臨床現場に長年携わるセラピストの方々にとってみれば,これは自明のことと推察されます.

一言で「バランス障害」といっても,個々の症例によってその様相は劇的に異なるため,画一的なバランスの評価法やリハビリテーション法を探る試みは,必ずしも臨床現場の問題解決には直結しないというのが,多くのセラピストの方々が持たれている印象かもしれません.


立位姿勢制御の多様性・複雑性について,セラピスト向けにわかりやすく,非常にコンパクトにまとめた英語論文を紹介いたします.

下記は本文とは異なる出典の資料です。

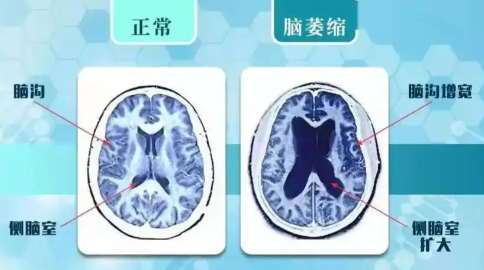 经颅电脑功能康复治疗仪_大脑萎缩的临床症状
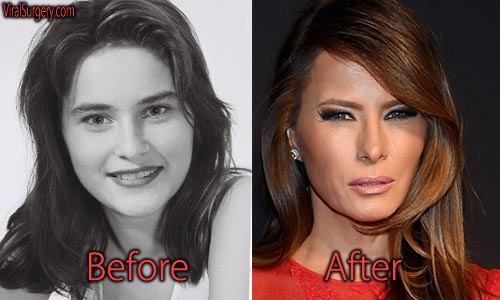 Melania Trump Plastic Surgery, Before and After Facelift Pictures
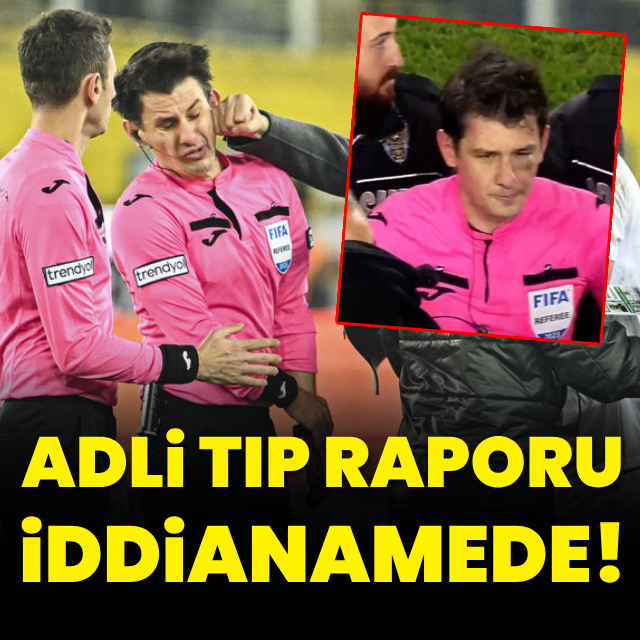 Adli Tıp Kurumu raporu iddianamede!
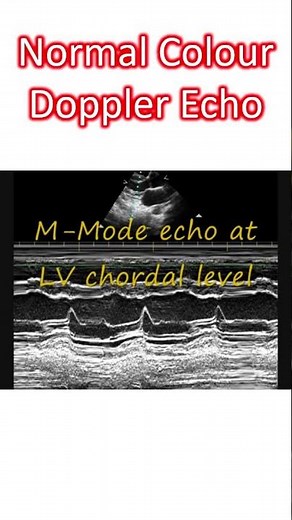 Normal Colour Doppler Echocardiogram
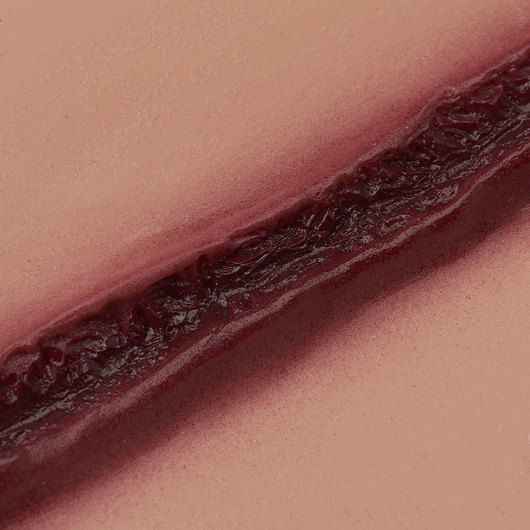 Thumbnail: Lacerated Forearm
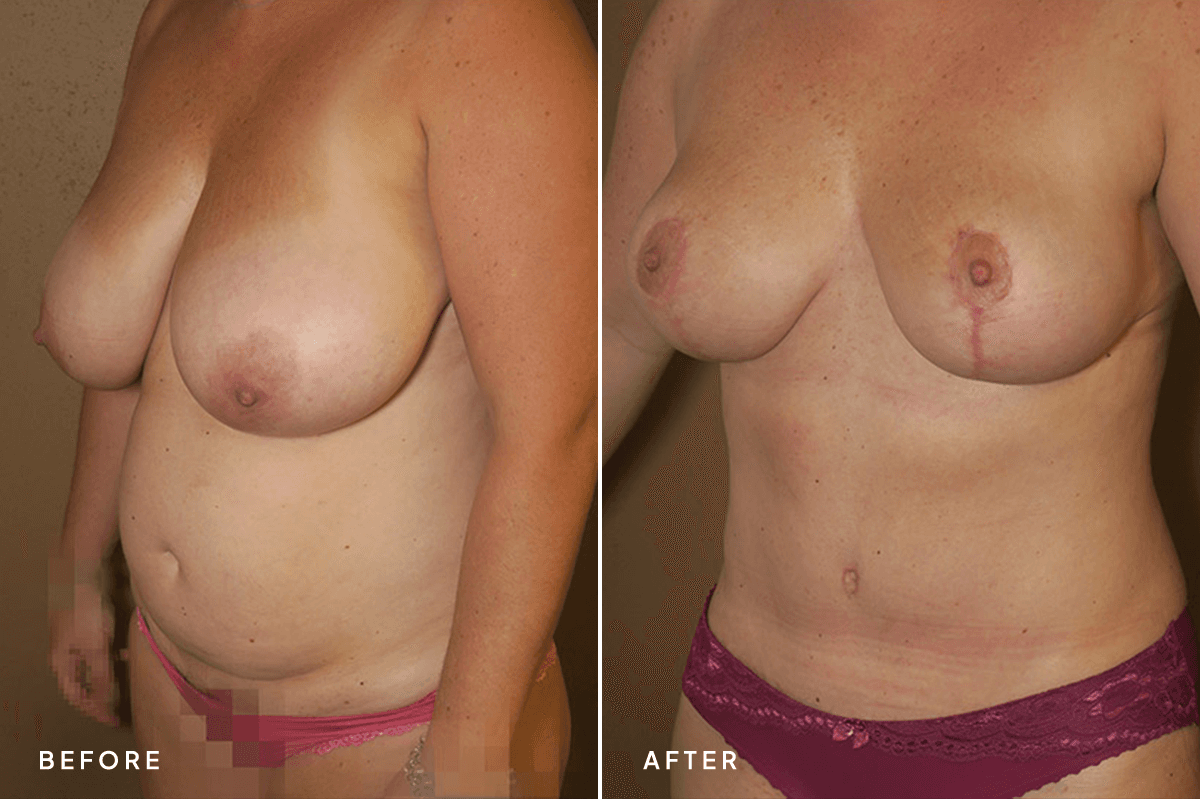 New Horizons Body Gallery | Mommy Makeover | 56-mommy-makeover | C Angle
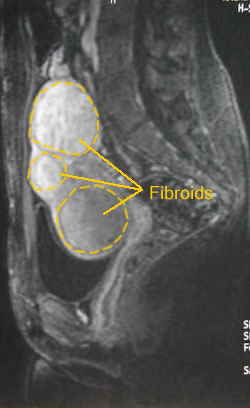 MRI with enhancement showing fibroids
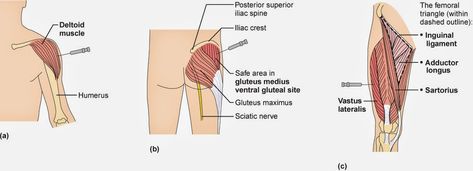 vitamin b12 injection sites Gluteal Injection Site, Intramuscular Injection Sites, Im Injection Sites, Depo Injection, Vitamin B Injections, Vitamin Injections, Injection Sites, Im Injection, Vitamin B12 Injections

Horak,FB Postural orientation and equilibrium: what do we need to know about neural control of balance to prevent falls? Age Ageing 35(Suppl 2): ii7-ii11, 2006

この論文では,立位姿勢制御を6つの要素に分けて記述し,各要素がどのような臨床事例と関わっているのかについて,わかりやすく解説しています.

この論文は本文が4ページ程度の短い論文です.立位姿勢制御の知識が豊富な方々にとっては物足りない内容かもしれません.ただ,一般の方々やリハビリの学生を対象に,わかりやすく解説する際に利用する資料としては,大変貴重です.実際,非常に膨大な知識体系をここまでコンパクトに,事例を踏まえてわかりやすく解説するのは,よほどの力量がないと難しいように思います.啓蒙論文の書き手の立場から見ても,非常に勉強になります.